The lifecycle of digital scientific knowledge

2015-11-09 computational science

Like all information with a complex structure, scientific knowledge evolves over time. New ideas turn into validated models, and are ultimately integrated into a coherent body of knowledge defined by the concensus of a scientific community. In this essay, I explore how this process is affected by the ever increasing use of computers in scientific research. More precisely, I look at "digital scientific knowledge", by which I mean scientific knowledge that is processed using computers. This includes both software and digital datasets. For simplicity, I will concentrate on software, but much of the reasoning applies to datasets as well, if only because the precise meaning of non-trivial datasets is often defined by the software that treats them.

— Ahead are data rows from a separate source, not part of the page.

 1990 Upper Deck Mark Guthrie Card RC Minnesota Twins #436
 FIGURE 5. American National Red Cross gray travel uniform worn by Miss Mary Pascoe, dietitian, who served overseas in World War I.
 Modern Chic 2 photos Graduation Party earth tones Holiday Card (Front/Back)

Before looking at the "digital" aspects, I will summarize the traditional lifecycle of scientific knowledge from the "printed page" era. It has been going on for centuries and follows well-established procedures and habits. I will then argue that these procedures should serve as a guideline for the management of digital scientific knowledge as well, and that computing technology for science should be designed to support this lifecycle.

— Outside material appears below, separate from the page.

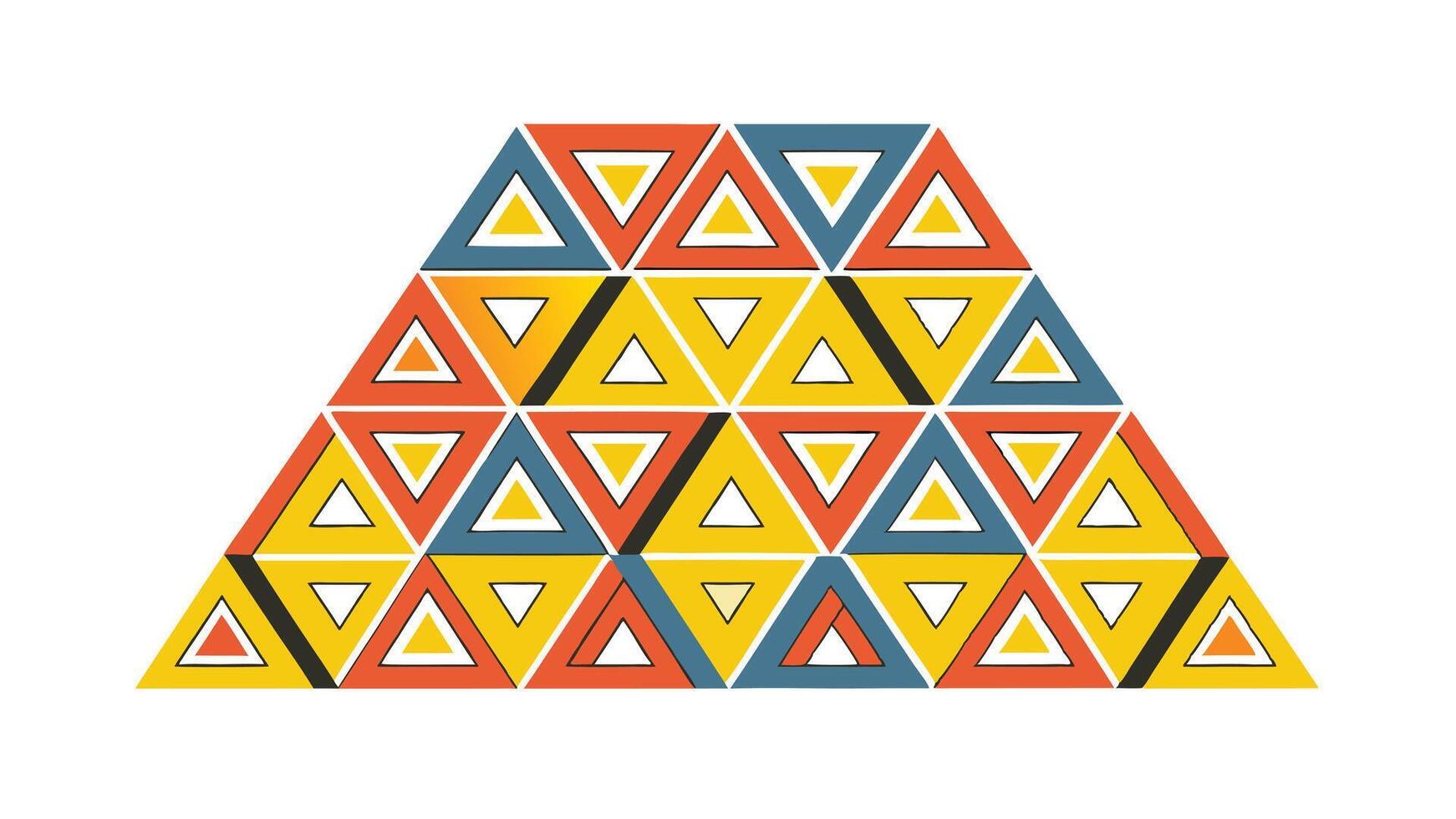 Abstract Geometric Triangular Pyramid Pattern Design Art vector
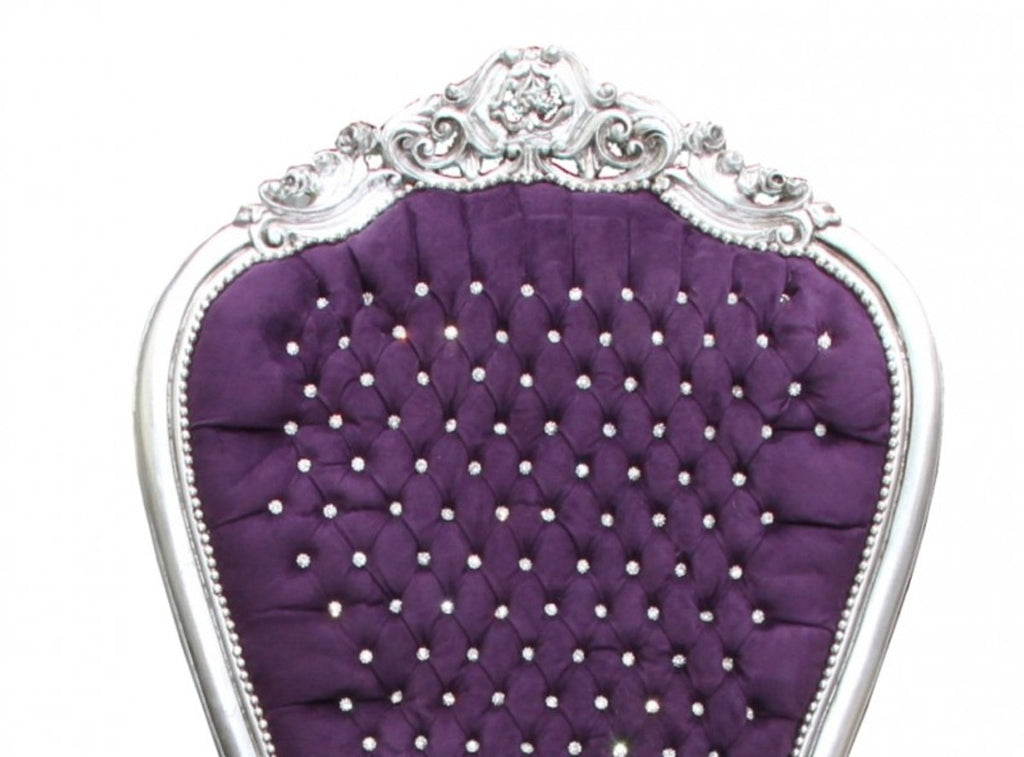 Barock Thron Sessel Majestic Lila/Silber mit Bling Bling Glitzersteinen - Riesensessel -Thron Stuhl Tron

New observations, instruments, models, methods, and ideas are first published in journal articles. Such an article explains the background and motivation for the work, summarizes the state of the art, and then exposes the new elements that the authors wish to contribute to the scientific record. Other scientists from the field read the article, and draw conclusions for their own work, which are translated to citations to the article in their own publications. After some time, if the original publication creates enough interest, it will become a subject of discussion in its research community, and it will be mentioned in review articles, which place it in the context of other recent work in the field.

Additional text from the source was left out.